**Problem to solve:** From the data below, return only the lines from the one with "To thicken the" through the one with "But today —", exact and inclusive, with pictures left out.

(Dataset entries)
[Start of Attachment]

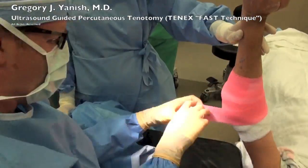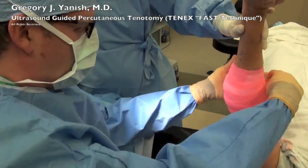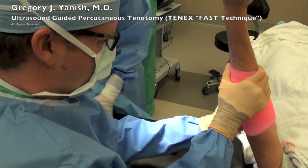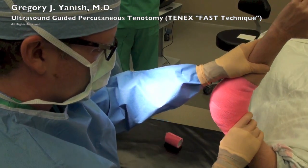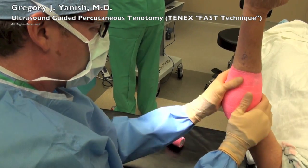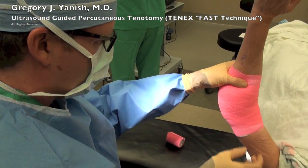This patient did extremely well and tolerated this procedure without discomfort. The patient has been instructed not to lift anything heavier than a coffee cup for the next six weeks. We'll wear this compression dressing for four to five days and we'll see the patient back in the office in six weeks' time. Thanks for watching.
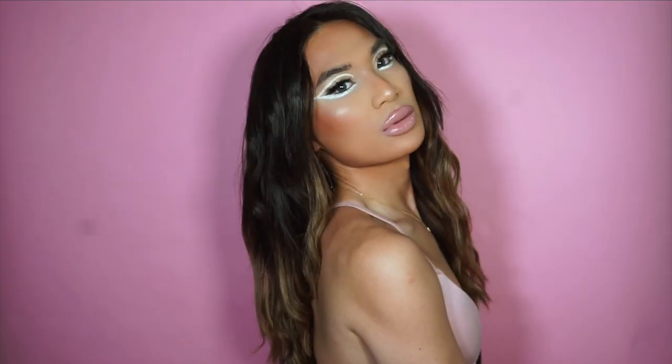Hey guys, it's Mark! Today I'm going to be doing a Lady Gaga and Ariana Grande makeup tutorial — actually two looks in one. I'm going to be doing the Rain on Me looks. These two makeup looks are iconic based on the eyes and the lips, so I'm going to quickly do my base and come back.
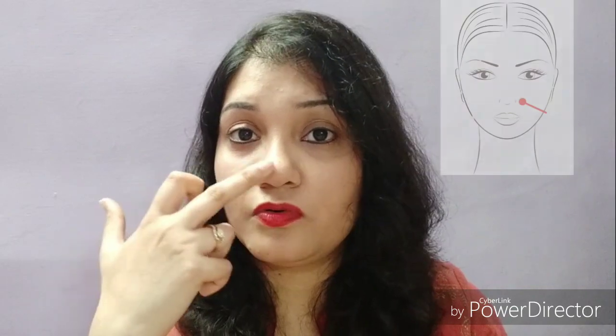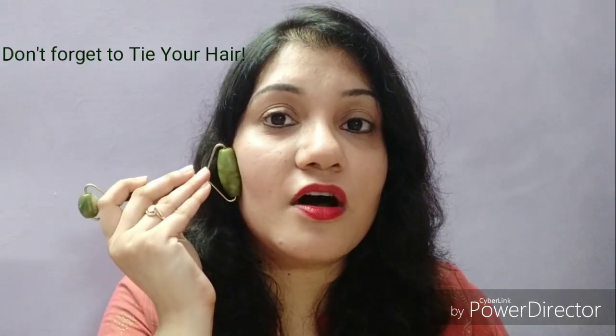Now, how to use this roller? First of all, imagine your nose tip as a central point and move this roller away from that in all directions, like this. You need to apply gentle or mild pressure like this.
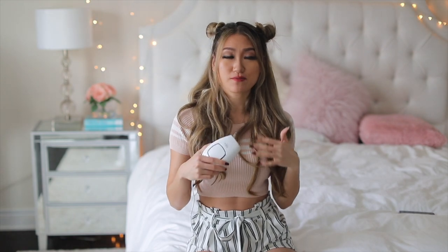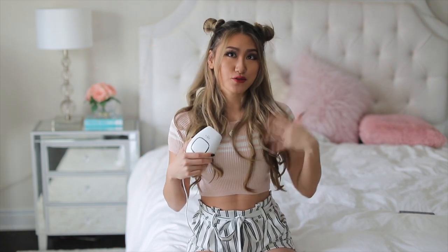I was so excited when Silken Technologies reached out to me and we are partnering on the Silken Infinity hair removal device. This is an at-home device that you can use in the convenience of your own bathroom or bedroom, and you can actually perform laser hair removal treatments on yourself. I've had them done at a salon before and they are quite pricey, and you do have to go out every couple of weeks to get it redone.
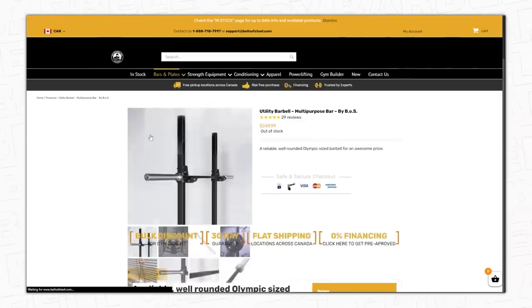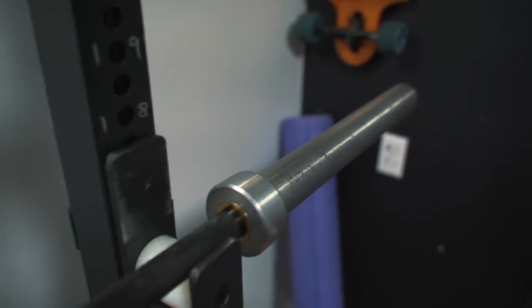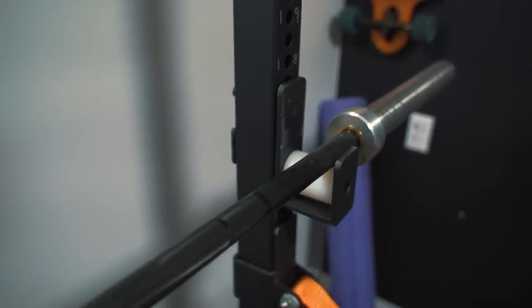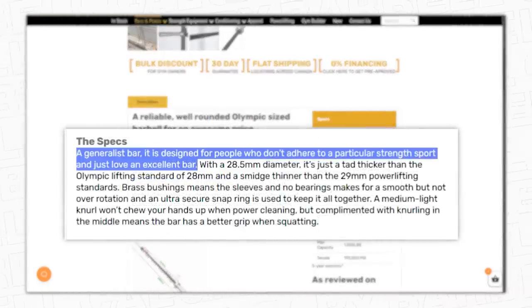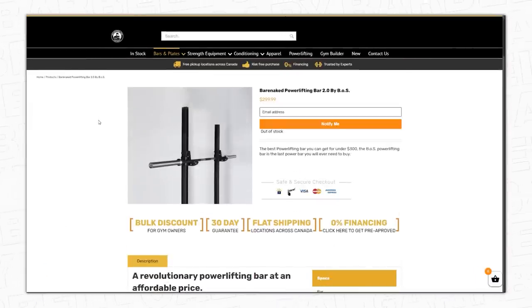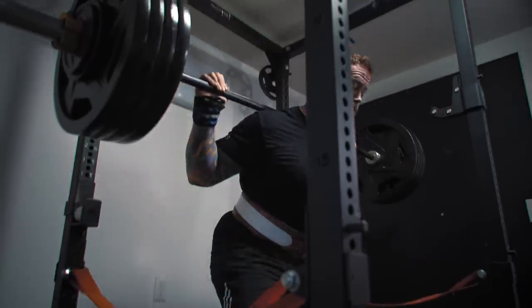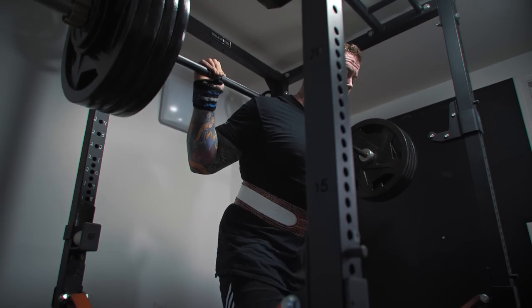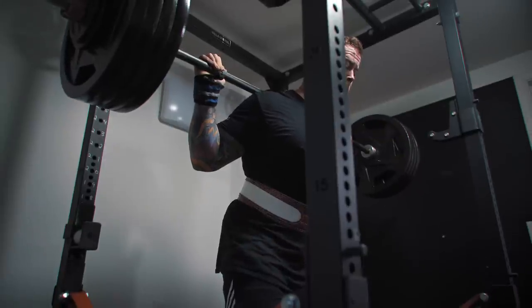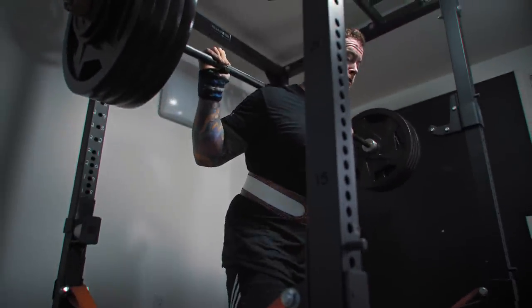The bar I purchased was the Bells of Steel Utility Barbell — a 28.5-millimeter thick barbell, comparable to a Texas Power Bar. However, the knurling is pretty underwhelming; it feels almost similar to what you'd find in a commercial gym. That's fair given it's advertised as an everyday barbell. If you're looking for a powerlifting-specific barbell, you should probably look at their Bare Naked Powerlifting Bar or another powerlifting-specific option. It's also worth mentioning that while the knurling isn't aggressive, the bar itself is decently stiff — in Bryce's working set of 420 pounds there's very little whip, so the stiffness is definitely much better than a commercial gym bar.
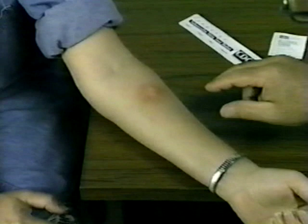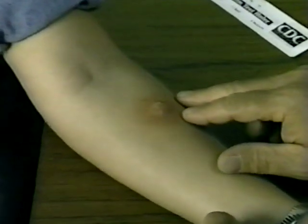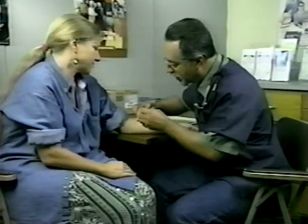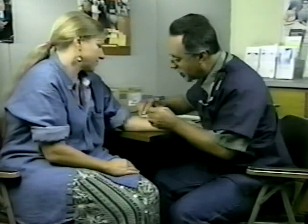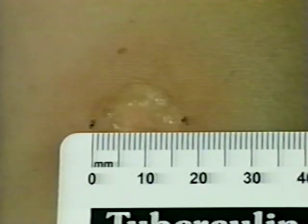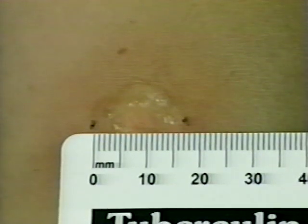Reactions to the skin test will vary. For example, this is a very large reaction with blistering, swelling, and redness. Make sure to record blistering even if no induration is present. Palpate this induration gently, as it may be painful. Measure only the induration — this reaction measures 17 millimeters.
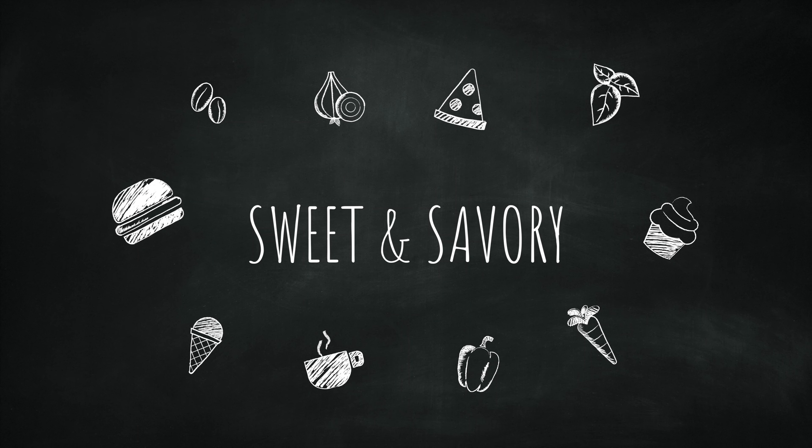To thicken the queso dip we're gonna add cornstarch dissolved in water, and then we're gonna heat this up over medium-low heat. We're not gonna let it come to a boil — right before it comes to a boil we're gonna add sour cream, and this adds texture and flavor.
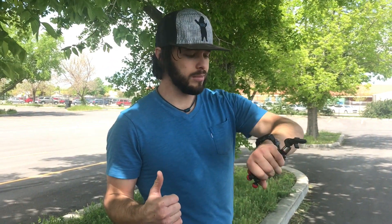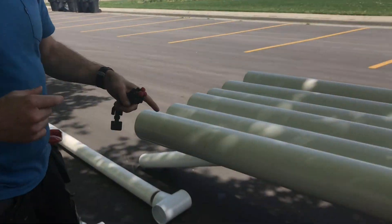But today — it's May 7th — we decided to finally PVC glue our roof tank, which is gonna be ten ten-foot sections of four-inch PVC, which is sitting in the back of the truck here.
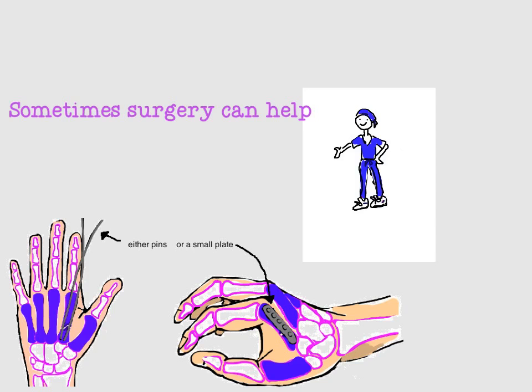But sometimes surgery can help, and it's sometimes even necessary — typically when the bone is unstable. No matter how many times you try to straighten the bone, as soon as you let go, it bends into malalignment. It's common when the bone is broken into many pieces, or if multiple metacarpal bones in a row are broken, or in cases where the bone punctures through the skin. Surgery uses two metal pins, or a metal plate and screws, to give stability. The pins will come out in three to four weeks, while the plate and screws typically stay in forever, unless they cause a lot of pain and then they can be pulled out at a later date.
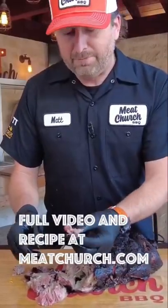Let me go in here and get a little bite of that money muscle. Ah, that's juicy. Super good. No sauce needed.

[End of Attachment]

**Result:**
To thicken the queso dip we're gonna add cornstarch dissolved in water, and then we're gonna heat this up over medium-low heat. We're not gonna let it come to a boil — right before it comes to a boil we're gonna add sour cream, and this adds texture and flavor.
But today — it's May 7th — we decided to finally PVC glue our roof tank, which is gonna be ten ten-foot sections of four-inch PVC, which is sitting in the back of the truck here.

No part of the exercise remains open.